They call you the wife, but to me you will always be my man’s other woman. In my fantasy, I am his queen and not just his younger, beautiful mistress. I like to fantasize about him being MY husband. But in reality, it wouldn't work out. That would take all the fun away. I am his secret. I am his girl to play with when he is working, on a businesstrip etc.

 

He never spoke about me to other people the way he talks about you. His businesspartners and workers know about me. But they don't see me as a person. I am the sexy and beautiful young woman, who just moved out her parents house. And no way they would even think or care about my inside. Dumb, naive, easy, but also a girl with a poor selfesteem. Easy to take advantage of.

 

And I want to say to you, I don't mean to hurt you. Your husband knows how to play with my feelings. He knows how desperate I am for attention, mainly from men. I wish I could claim innocence and say to you that I didn’t know I would be causing a woman tremendous pain in loving him. Don't think I am only blaming your husband for this, for playing and maybe even taking advantage of me. But my only excuse being that I fell in love with him.
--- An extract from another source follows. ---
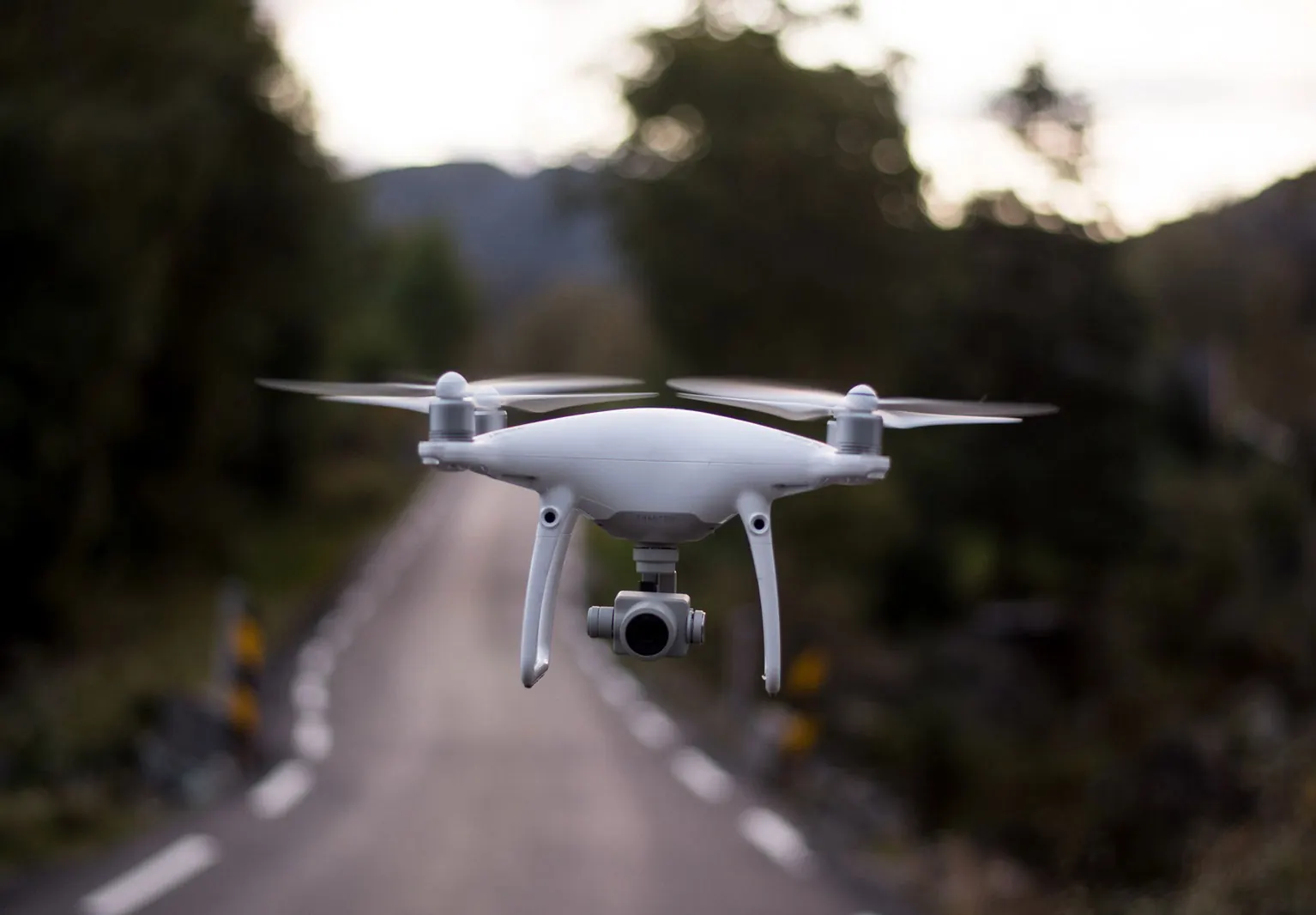 A camera drone hovering over a rural road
Doesn’t love explain it all?

 

Recently you gave birth to your third child. I am very happy for you. I can assure you that he loves and cares about you and your family so much. You are his everything, his real queen. You probably will ask me why he would cheat on you, if he values you so much.

 

That is not the kind of question I would dare to ask him. If I did, he would put his finger on my lips and tell me "ssshh" with that mysterious smile of him. That's what he does when our conversation goes too deep, or when I talk about things other than my looks or his pleasure and pride. He for sure likes to get his ego stroked and that is probably why he has me, his armcandy and his fun young thing. And I am not denying that I don't enjoy him showing me off like a trophy, all the other men admiring my beauty. But sometimes I do need a good conversation, or really just interact like you do with him.

 

And I also just want to tell you, this is nothing personal. It seems like all the businessmen here have or had a mistress, or cheat with one night stands. I had been told that cheating businessmen who travel very, very often can't be stopped. So, this is really nothing personal towards you.

 

I may will sound ignorant now, but I think the men having a mistress, to spend time and play with, is better than them being with women who could be a possible real relationship or wife material. Because most of the mistresses will NEVER be a first choice, or even getting thought as wife material.

 

Don't fear me and I am sorry. For now I can't let him go and will still be his mistress.

 

Aren't you one of the posters that constantly bashes men? It's very ironic that you do this, seeing as how you have such a lack of morals that you would have an affair with a married man when his wife is at home pregnant.

 

Stay classy.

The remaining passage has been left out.